And so have gay men.  When I asked Joni about Hejira, she said, “I
think it gave melancholy its proper due—the melancholy of mate bonding
difficulty. And I think that’s why it affected the gay male population
as deeply as it did. It picked up a big gay following.” I received a
bunch of mail from gay men who said their special connection to Hejira
was affirmed when they read this quote in my book.    
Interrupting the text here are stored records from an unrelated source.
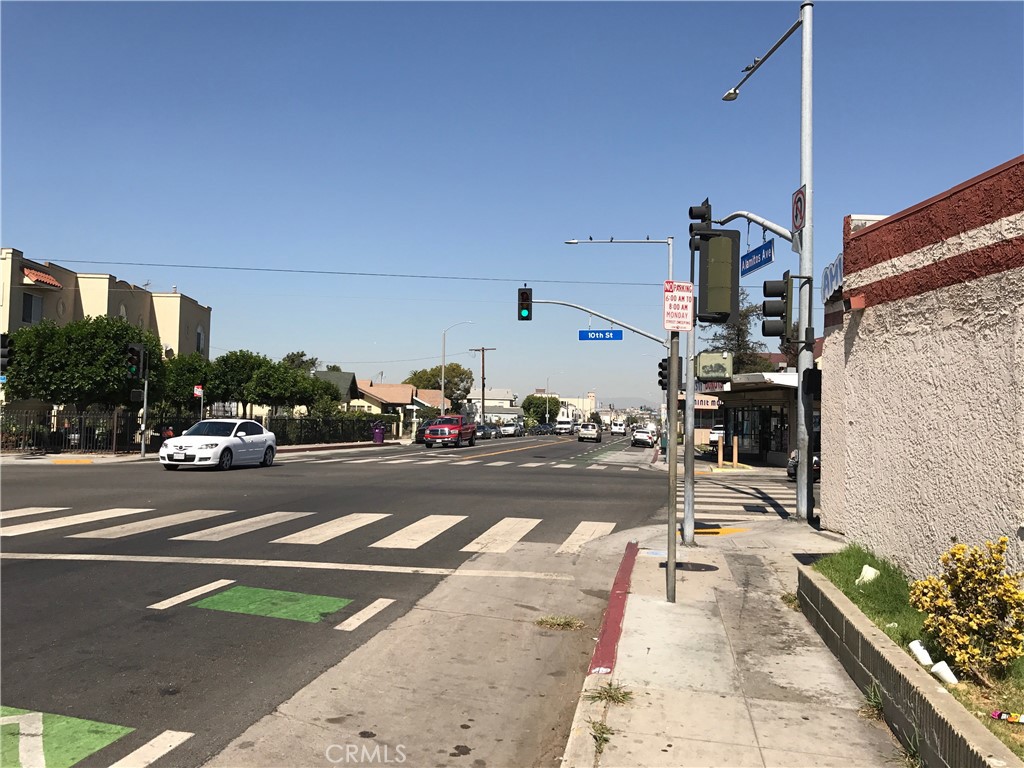 1100 E 10th Street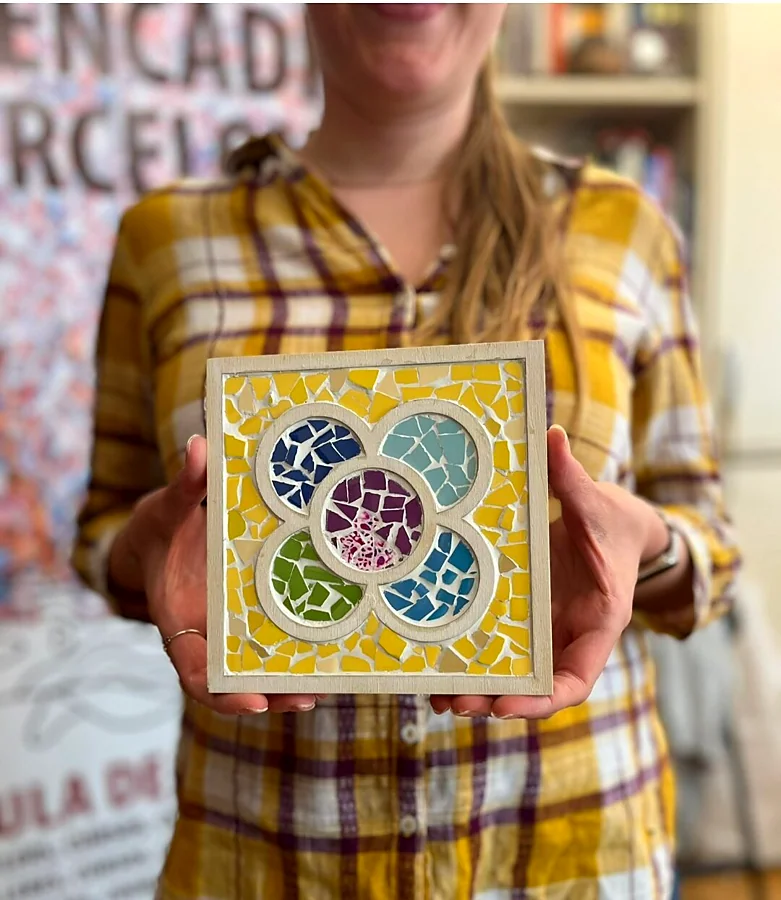 Recreación ilustrativa: Haz una baldosa de Barcelona con la Flor de Barcelona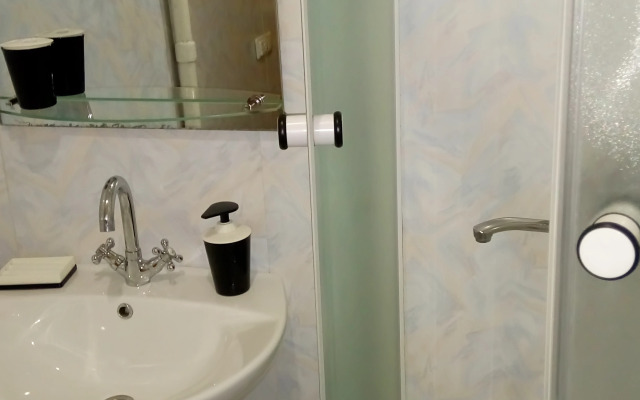 Dvukhkomnatnaya Ulitsa Ispanskikh Rabochikh 31 Flat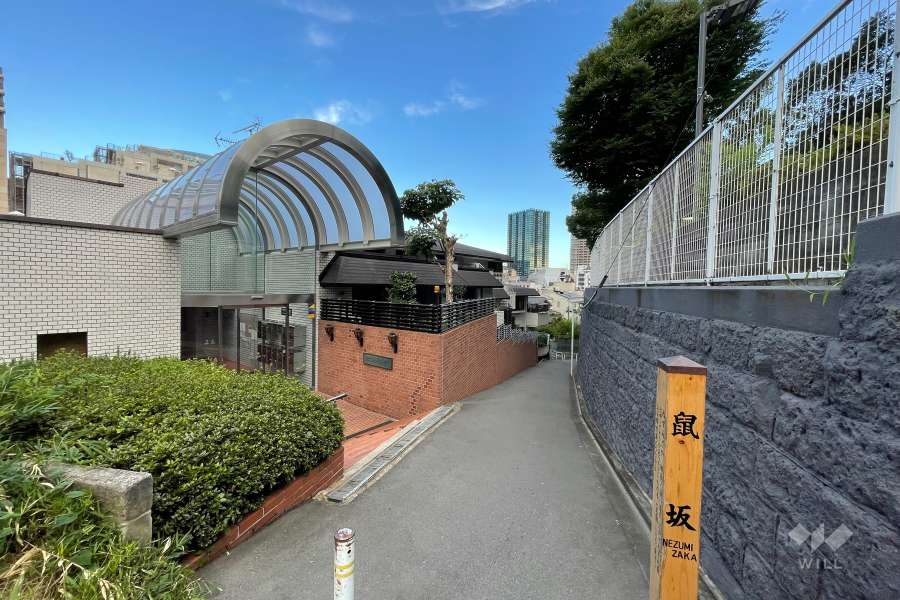 敷地北西側の前面道路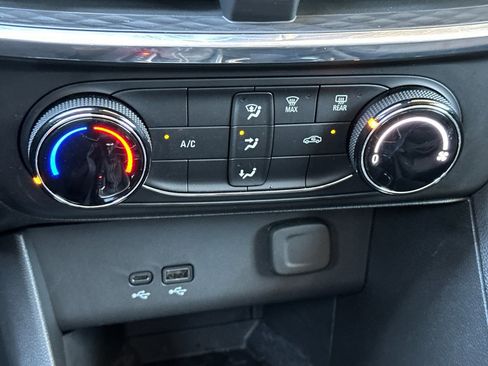 Certified 2024 Buick Encore GX Preferred image 20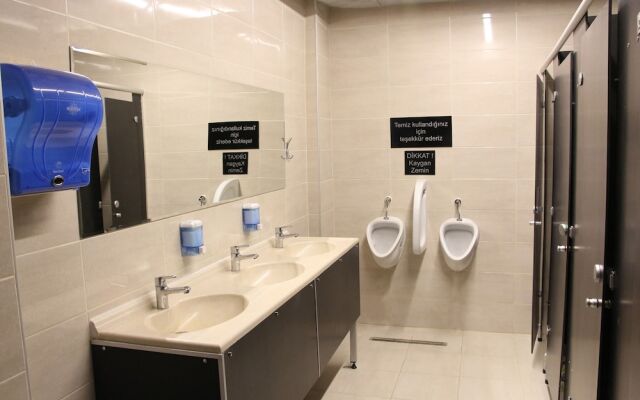Can Pansiyon Apart - Caters to Men - Hostel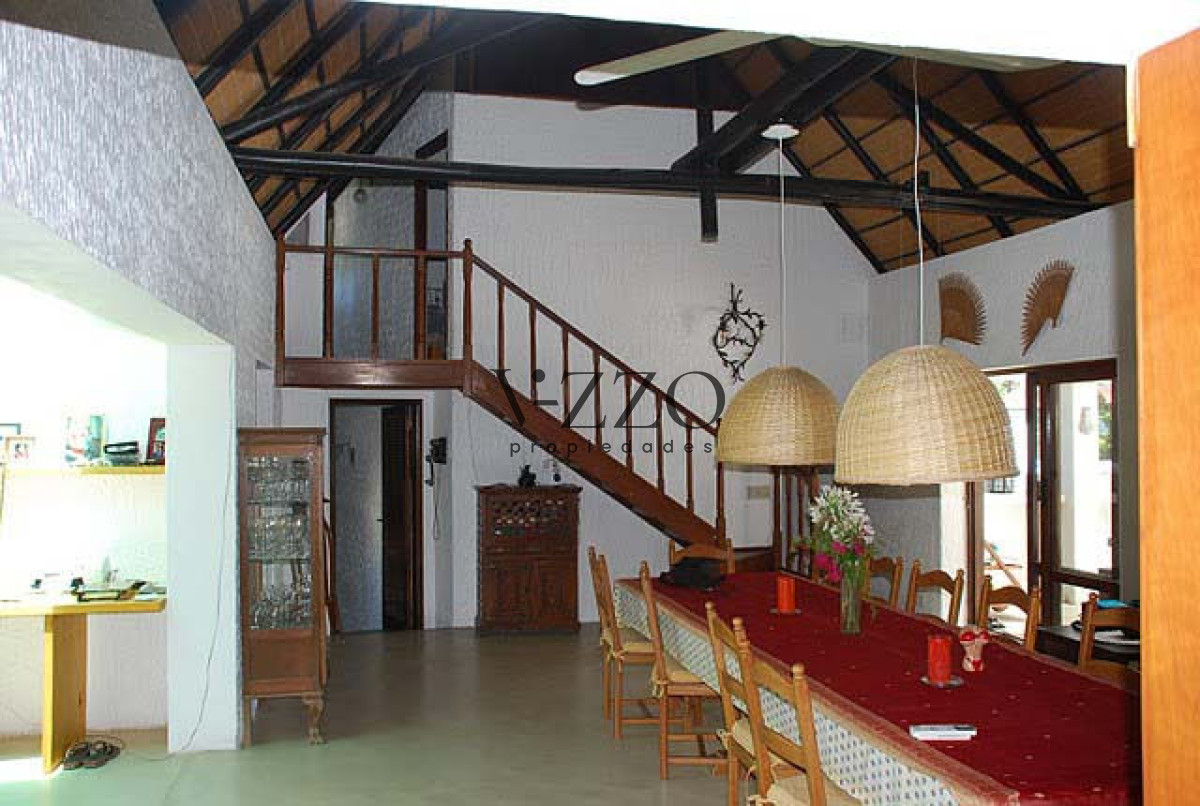 Casa ID.948/Casa-en-Lugano,-5-dormitorios-* - Casa en Lugano, 5 dormitorios *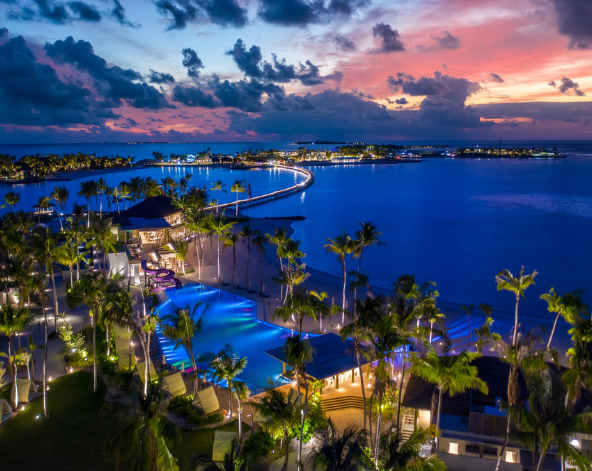 自由活動→前往機場島換乘快艇前往度假島→度假島自由活動(HB早晚餐)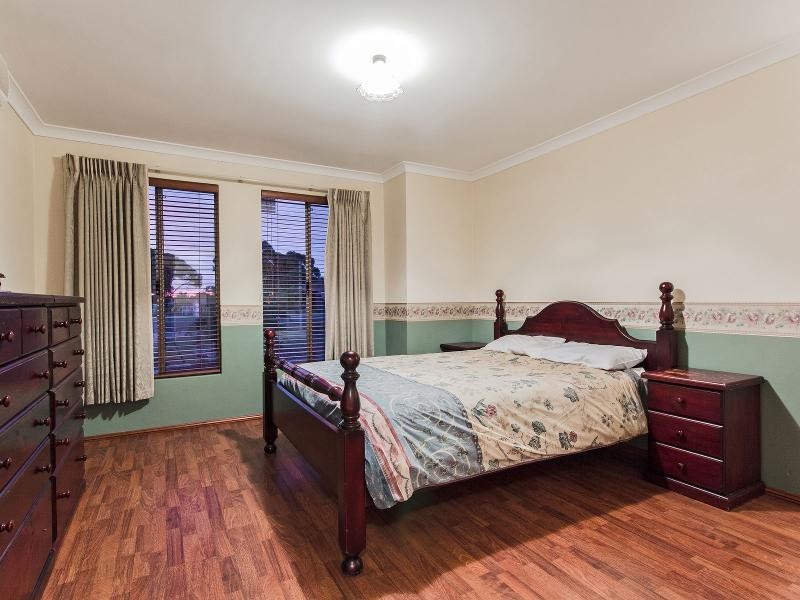 8 Mitford Grove, Port Kennedy WA 6172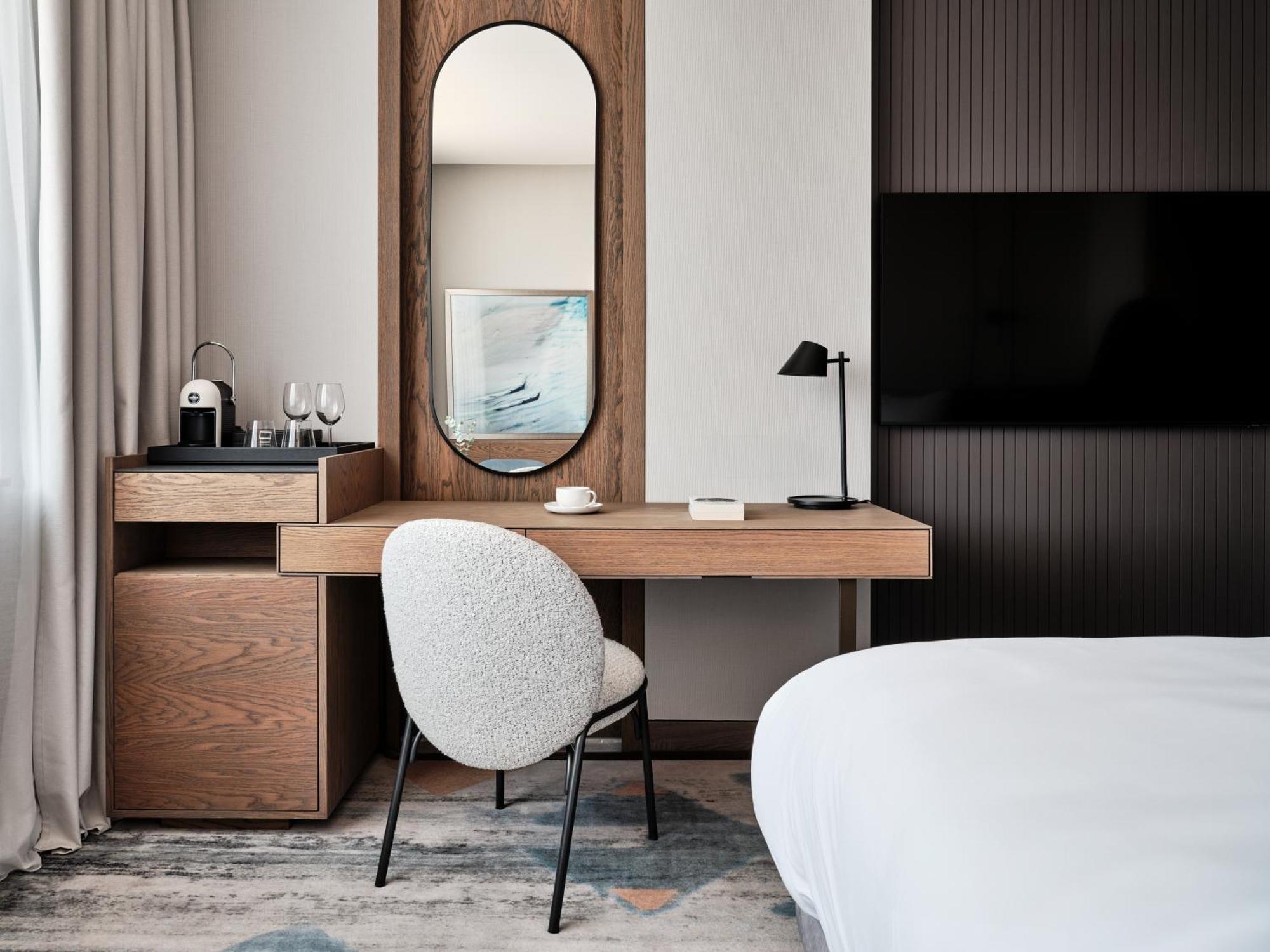 Standard Zimmer mit Kingsize-Bett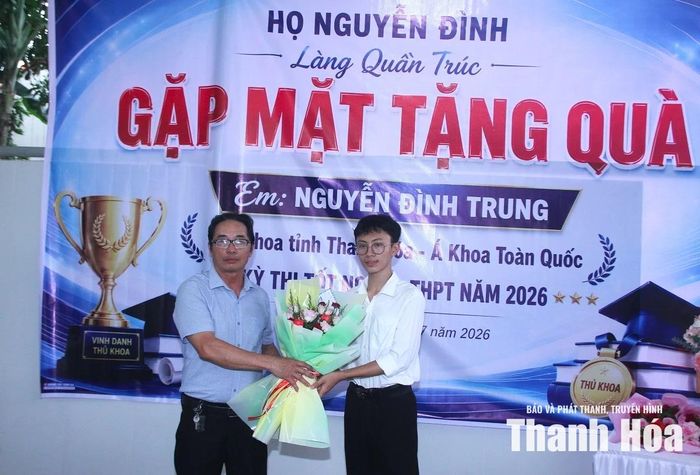 Đại diện dòng họ Nguyễn Đình, thôn Quần Trúc tặng hoa chúc mừng cháu Nguyễn Đình Trung.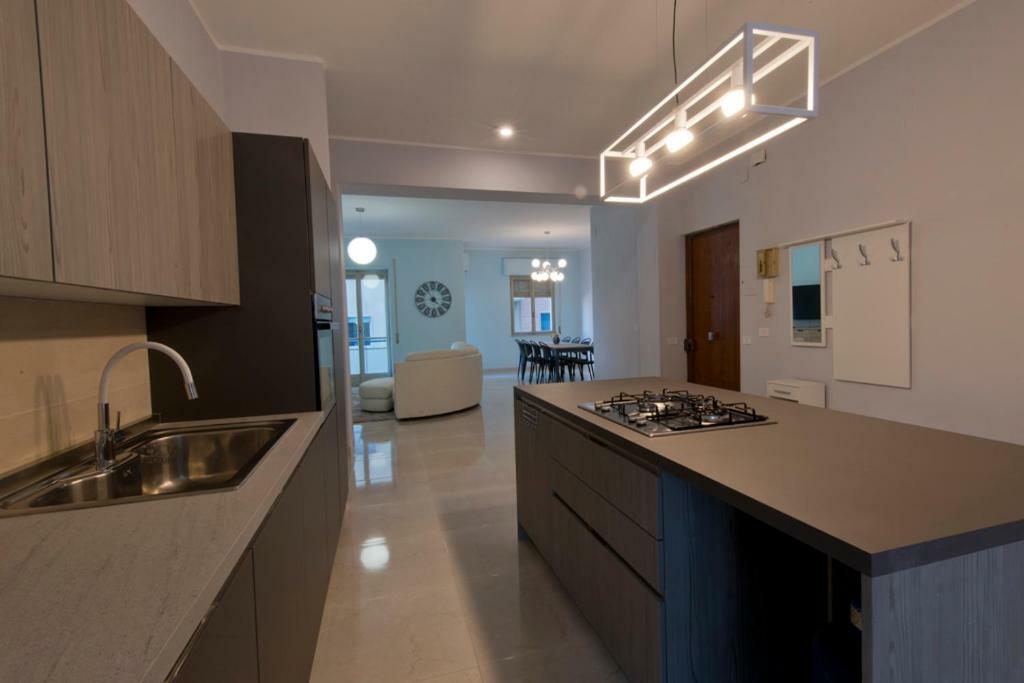 Апартаменти Casa Bella - 3 Baths - Walk To Ortigia Syracuse Екстер'єр фото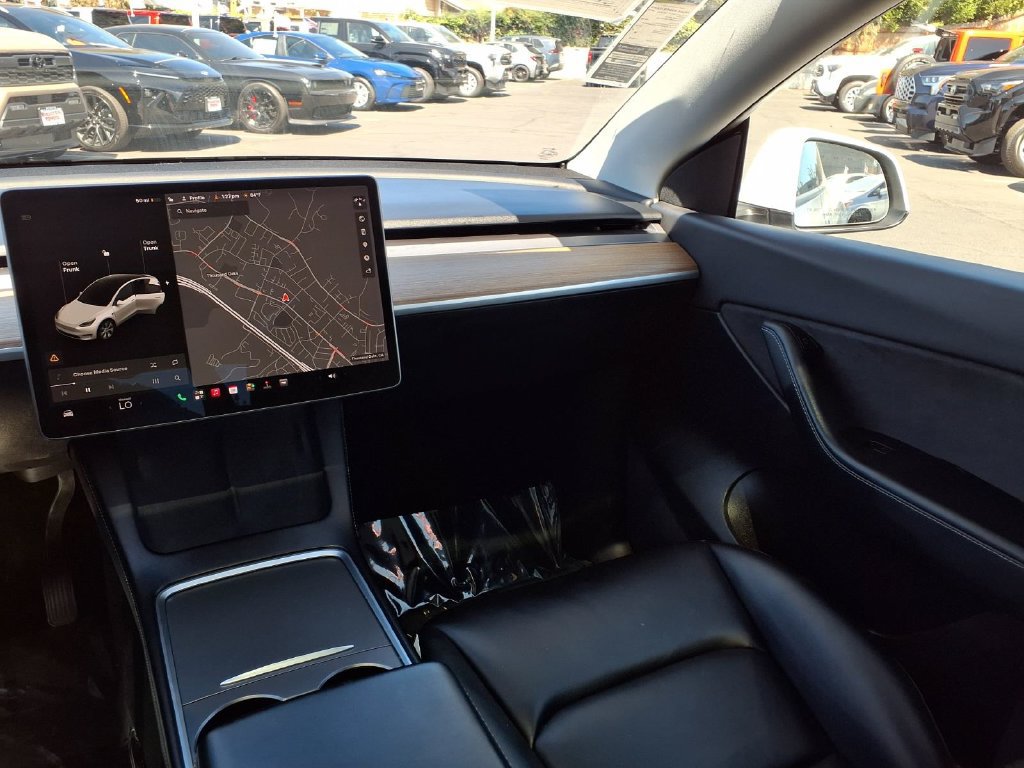 Used 2021 Tesla Model Y Long Range AWD/4WD image 31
Like everyone, Joni is in part a product of her culture and
environment, so it can be useful to consider her life and work in terms
of identity politics.  But I'm not sure Joni is a representative woman
of her generation (any more than Georgia O'Keefe was a representative
woman of hers). That's why I'm more interested in Joni's creative
process.  
  
inkwell.vue.439 : Michelle Mercer: Will You Take Me As I Am, Joni Mitchell's Blue Period
permalink #56 of 110: Susan Sarandon, tractors, etc. (rocket) Thu 19 Apr 12 08:59
    
Prince is an enormous Joni fan, and you can really hear it in his work.
  
inkwell.vue.439 : Michelle Mercer: Will You Take Me As I Am, Joni Mitchell's Blue Period
permalink #57 of 110: Michelle Mercer (milkmaids) Thu 19 Apr 12 09:00
    
Oh, and I meant to add, after saying I'm not sure Joni is a
representative woman of her generation . . . that I think what makes
Joni's work relatable to such a variety of people is her unique
combination of poetic insight and musical expression . . . so that's
why I'm more interested in her creative process than in her gender.  
  
inkwell.vue.439 : Michelle Mercer: Will You Take Me As I Am, Joni Mitchell's Blue Period
permalink #58 of 110: Michelle Mercer (milkmaids) Thu 19 Apr 12 15:21
    
John wrote about the experience of coming to Joni's work all at once
vs. hearing each record at the time of its release.  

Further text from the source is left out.